With his static line unhooked, the hero's primary chute doesn't open. When his reserve fails he has no choice but to face the inevitability of his impending demise with detail that grows ever more gruesome as the song progressed.

You'd been surprised that Zero knew it, but you shouldn't have. For all he was a suit in an office these days, he was an honest-to-god para when he was young. The kind of man you've told yourself you would have been had you been born but ten, fifteen years sooner; the real version of one of the green plastic heroes with their plastic parachutes you'd sent drifting, spiralling down from the stairs for a surprise attack on cardboard Panzers. He'd jumped with her in North Africa, her and an elite handful of the best and bravest, with none of the toys you and Adam have now. Only wits and will.

You'd slung your other arm around him. You'd thought, maybe, that you could see a hint of that young trooper in the _smile_ he'd worn, how he could have worn it when he'd followed her, boots bloused and sleeves rolled up and as deeply impressed by her as you had been. As anyone was.

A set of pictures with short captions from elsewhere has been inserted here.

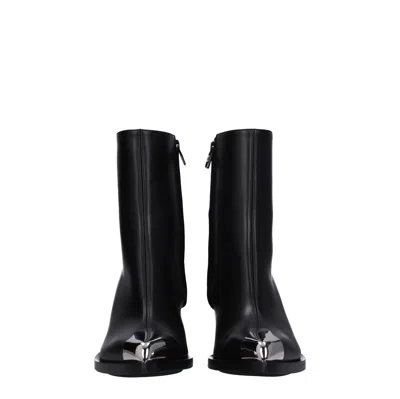 Alexander Mcqueen Punk 75mm Metal Toe-cap Boots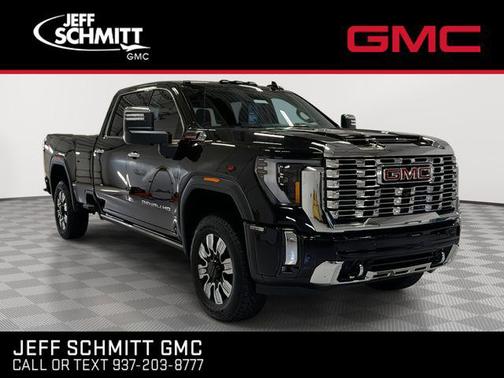 Onyx Black 2026 GMC Sierra 2500 Denali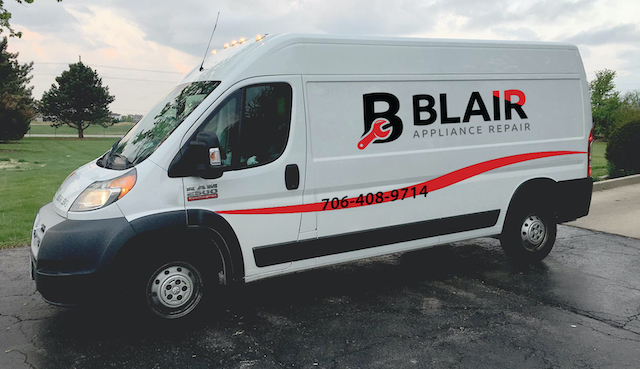 appliance repair van in columbus ga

He's too damn old now, though. To be a para. You are too if you're being honest with yourself - at least, you're getting there. The knees go first. Then the ankles. You're only in your mid-thirties and you can already feel it when you land hard.

Not Adam. He's the right age. He even wears his hair like they did back then: long on top, slicked back and to the side, sharply parted; blond enough to be grey in the grainy black-and-white films of your youth that had left you so enraptured by those volunteers who leapt out of perfectly good airplanes. Until she'd taken you, and shown you how to do it for yourself.

Adam'd waited impatiently and his gaze had found the ceiling more than a few times at being forced to listen to two old men lovingly describe his fate if he wasn't careful. He'd finally left at the last verse, knocking the chair back forcefully enough that you'd had to catch it or it would have toppled.

He'd always loved to make a scene.

_There was blood upon the risers, there were brains upon the chute,_  
Intestines were a-dangling from his paratrooper suit,  
He was a mess, they picked him up, and poured him from his boots,  
And he ain't gonna jump no more. 

You'd finished it together. Between the two of you, you'd remembered all of the words and you were smiling ear-to-ear, just like Zero was. You stole Adam's bottle and his glass and poured some for Zero for a toast. You resent the way he operates, the decisions he makes, so much of the time, but in that moment you remembered why you'd agreed to join him.

"I'm glad you can take the piss out of him, Jack," Zero'd remarked wistfully. "He takes it out of everyone else."

Then he'd raised his glass: "Shoot true. March fast and far."

"Every man an Emperor," you'd answered.

 

 

Adam steps around to stand in front of you. Unhooks his mask on one side and points to your face. You respond in kind. A few breaths won't hurt; it looks like he has something to say.

It sounds like he's humming.

You smile against his lips when he kisses you. A fleeting brush of warmth; the knowledge that you're playing the protector not only to Eva, but _her_ son as well.

Then he reaches up to touch your shoulder. To show you that the cord of your reserve chute is tangled in your oxygen supply and he grins the cockiest, most shit-eating little grin you ever saw, shouting above the whipping wind:

"Hell of a way to die, John!"

Until you wipe it off his face by shoving him out the back of an airplane.


End file.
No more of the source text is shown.